California continues to outpace the U.S. for job growth, with the Bay Area’s thriving economy at the forefront of the state’s recovery.
According to the most recent jobs report from the California Employment Development, the state added 80,600 nonfarm positions in July while the unemployment rate fell to 6.2 percent on a seasonally adjusted basis, down by nearly half from its peak of 12.2 percent at various points during 2010. Since the recession ended, the state has added more than 2 million jobs.
In its own July jobs report, Palo Alto-based Center For Continuing Study of the California Economy says that those 2 million jobs represent 14.1 percent growth since the recovery began, compared with 9.5 percent growth nationwide. Even with the solid gains, California’s current unemployment rate remains higher than the U.S. average of 5.3 percent.
The Bay Area has led California’s economic growth over the past five years, with 10.2 percent more jobs today than before the recession, compared with 5.2 percent more jobs in San Diego County and 2.1 percent in the Los Angeles Basin. CCSCE says that despite the state’s prolonged drought, the agriculture-dependent San Joaquin Valley has also surpassed prerecession job levels, and the Sacramento region is poised for a full recovery soon.
The Bay Area bucked the statewide unemployment trend in July, with jobless claims increasing in all nine counties, the EDD numbers show. The pattern was nearly uniform, with unemployment rates rising from the previous month by 0.3 percent on a nonseasonally adjusted basis in every local county except Alameda, where they ticked up 0.4 percent.
Still, the Bay Area continues to enjoy the lowest unemployment rates in California, with eight of nine counties in the general full-employment range in July. San Mateo had the state’s fewest jobless claims last month, at 3.6 percent, followed by Marin (3.7 percent), San Francisco (3.8 percent), Santa Clara (4.3 percent), Napa (4.4 percent), and Sonoma (4.6 percent) counties.
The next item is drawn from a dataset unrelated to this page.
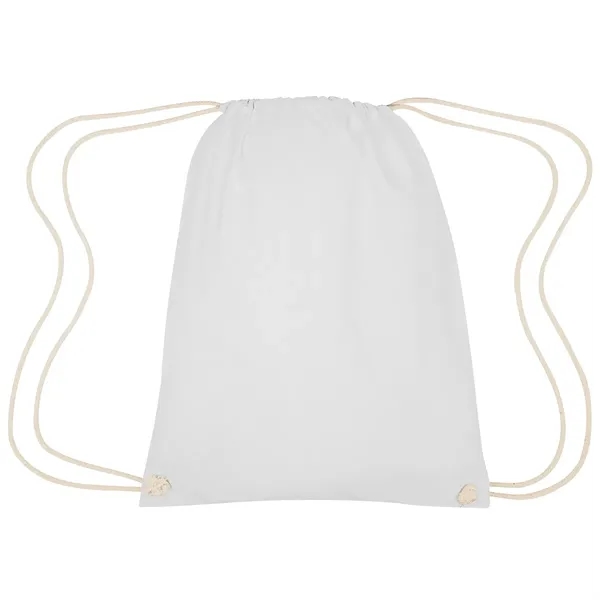 Cooper cotton drawstring bag for carrying your essential items from place... from ASI 61125 Hit Promotional Products / Hit®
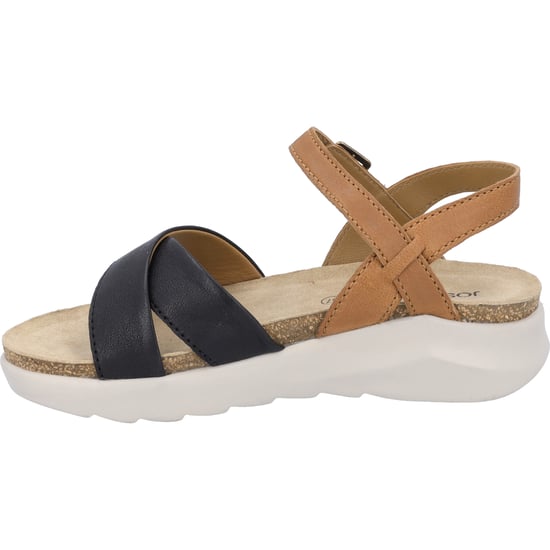 JOSEF SEIBEL Damen Sandale Celine 03 in schwarz-kombi - Image 3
CCSCE Director Stephen Levy characterized industry job-growth patterns as exceptionally strong, with the professional and business services industry adding 22,500 positions in July. The financial services, manufacturing, and construction sectors added a combined 12,600 jobs last month.
“These trends indicate that middle and high wage jobs are now fully benefiting from the recovery,” Levy wrote. “Policies that promote housing and infrastructure investment will further strengthen the long sought after recovery in middle wage jobs.”